NOTE: Even in this case, 15% of the lease payments (both the interest charge and depreciation) are not permitted for tax computation purposes if a car has CO2 emissions of more than 50 g/km.

After carefully considering all of his alternatives, Mr. X has decided to pay in full for the car.

Let’s compare a purchase to a business or personal purchase to see what the tax consequences are and whether or not he may save any taxes.

Capital Allowances – this is a tax benefit available to companies depending on the CO2 emissions of the selected vehicle.

Any new or unused Electric cars with zero emissions will qualify for a first-year allowance of 100%, this means that full amount of the vehicle will get tax relief in the year of purchase. (second hand electric cars will not get 100% relief, but only 18% every year)

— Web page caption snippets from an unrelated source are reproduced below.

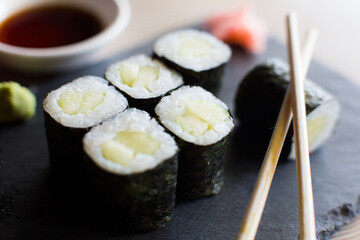 Vegan Maki sushi with rice and seaweed stuffed with vegetables and vegetarian ingredients.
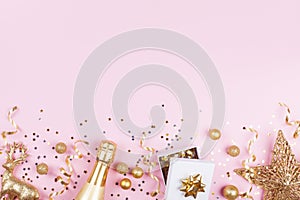 Christmas background with golden gift or present box, champagne and holiday decorations on pink pastel table top view. Flat lay.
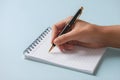 Hand poised with pen, ready to write on lined notepad, black pen visible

Cars with CO2 emissions of 1-50g/km will only get benefit of 18% written down allowance (WDA) and will be added in the main rate pool category.

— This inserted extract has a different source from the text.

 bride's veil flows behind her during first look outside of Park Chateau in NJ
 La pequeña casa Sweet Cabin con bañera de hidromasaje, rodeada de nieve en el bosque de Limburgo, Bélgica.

Cars with CO2 emissions over 50g/km will be allocated in the special rate pool and will be given only 6% writing down allowances annually.

Therefore, Mr. X is of the opinion to buy new electric vehicle to get the maximum tax benefit.

Personal Use:

Mr. X will also be using the vehicle for his personal use, therefore a benefit in kind will trigger.

The amount of CO2 a car emits, as well as how far it can travel on battery power alone if it is a hybrid, are key factors in determining the benefit in kind. This is how far a car can travel entirely on electric power before the batteries need to be recharged.

Electric cars with zero emissions will be charged at 2% of list price.

For Hybrid cars, lowest is 2% if their electric range exceeds 130 miles, and highest can be 14% if the electric range is less than 30 miles.

For example, if Mr. X decides to buy Hybrid car with an electric range of 50 miles and list price is £50,000, then his benefit in kind will be £4,000 (8% of £50,000).

If it is a new electric vehicle then his benefit in kind will be 2% i.e. £1,000 and if it is petrol then it will be 25% of £50,000 list price (CO2 emissions of 100g/km) i.e. £10,000.

Benefit in Kind is an employment income and will be taxed in self-assessment (income tax) and any tax is payable by the individual, not the company.

Mr. X can purchase the vehicle by taking dividends from his firm, and he is also eligible to claim a mileage expenses for the business trips he makes in the car. The cost to claim is currently 45 cents per mile.

In this manner, he can obtain less expensive car insurance and avoid paying benefit-in-kind tax, but cannot claim VAT.

Latest changes may make difference?

Since 1st April 2023, corporation tax rates have increased from 19%, so perhaps buying through limited company may help in saving corporation tax?

Also, benefit in kind rates will increase, so it means if Mr. X buys car through company and use it personally as well, then he may end up paying more tax personally, especially in cases where CO2 is more than 50g/km.

It appears that purchasing a new electric vehicle through a firm is a better alternative right now and for the foreseeable future, but for longer periods of time, the situation may need to be reconsidered because doing so could be costly.

Now, sensible guy, Mr. X is eager to make an outright purchase of his new electric car!